This problem offers students opportunities to explore multiples in more depth than usual, in particular looking at the links between multiples of different numbers.  It also encourages students to see the connection between primes and multiples.

 

Possible approach

"What are the first few multiples of 2?"
"2, 4, 6, 8, 10, ..."
 
"And multiples of 7?"
"7, 14, 21, 28, 35, ..."

"Great. We'll be investigating properties of multiples today."
[Hand out sheets of smaller grids, one sheet per pair of students.]
 
"I'd like you to shade in all the multiples of 2 except 2, but before you do that, turn to your neighbour and try to predict what patterns you'll produce."
[Give them a minute to make predictions and do the shading. Emphasise that there is no need for beautiful shading.]
 
"I'd like you to shade in all the multiples of 3 except 3. Again, before you do that, turn to your neighbour and try to predict what patterns you'll produce."
[Give them a couple of minutes to do this.]
 
"Were your predictions correct? Why did you make those predictions?
Can you explain why you get different patterns for multiples of 2 and multiples of 3?"
 
"Now let's think about what happens when we combine these multiples."
[Hand out master grid, with multiples of 2 already crossed out.]
"We'll use this as our master grid to keep a running record of our findings.  It's already got the multiples of 2 crossed out.  Before you cross out the multiples of 3, can you and your partner predict what will happen?  Will you cross out any numbers that are already crossed out?  If so, which ones?"
[Give them a couple of minutes to work on this, and then ask them to report back.]

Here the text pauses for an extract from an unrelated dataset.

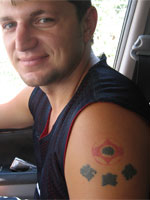 Одна из первых татуировок российского киокушина на плече Эдуарда Губерштро.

"What am I going to ask you to do next?"
 
"OK, so now explore what happens for multiples of 4, 5, 6 and 7.  Before you shade in the multiples on the small grids, try to predict what patterns might emerge. After you've shaded in the multiples, try to explain the patterns you've found.
Before you update the master grid, try to predict what will happen.  Will you cross out any numbers that are already crossed out?  If so, which ones?
After you've updated the master grid, try to explain why some numbers have been crossed out again and others haven't."
[Give them a few minutes for this.]
 
"Now look at the master grid.  What is special about the numbers that you haven't crossed out?

 

What would change on the master grid if you were to cross out multiples of larger numbers?" 


"Imagine you want to find all the prime numbers up to 400.  You could do this by crossing out multiples in a 2-400 number grid.  Which multiples will you choose to cross out?  How can you be sure that you are left with the primes?"
[You might want to have some 2-400 grids available in case students would like to try it.]
 

Key questions

Which numbers get crossed out more than once, and why?

Which numbers don't get crossed out at all, and why?
Which possible factors do we need to consider in order to decide if a number is prime? 

 

Possible support

By working in pairs we are encouraging students to share ideas and support each other.  

 

Possible extension

"We're used to working with grids with ten columns, but you might find an interesting result if you use this six-column grid instead.  Can you predict what you will see?"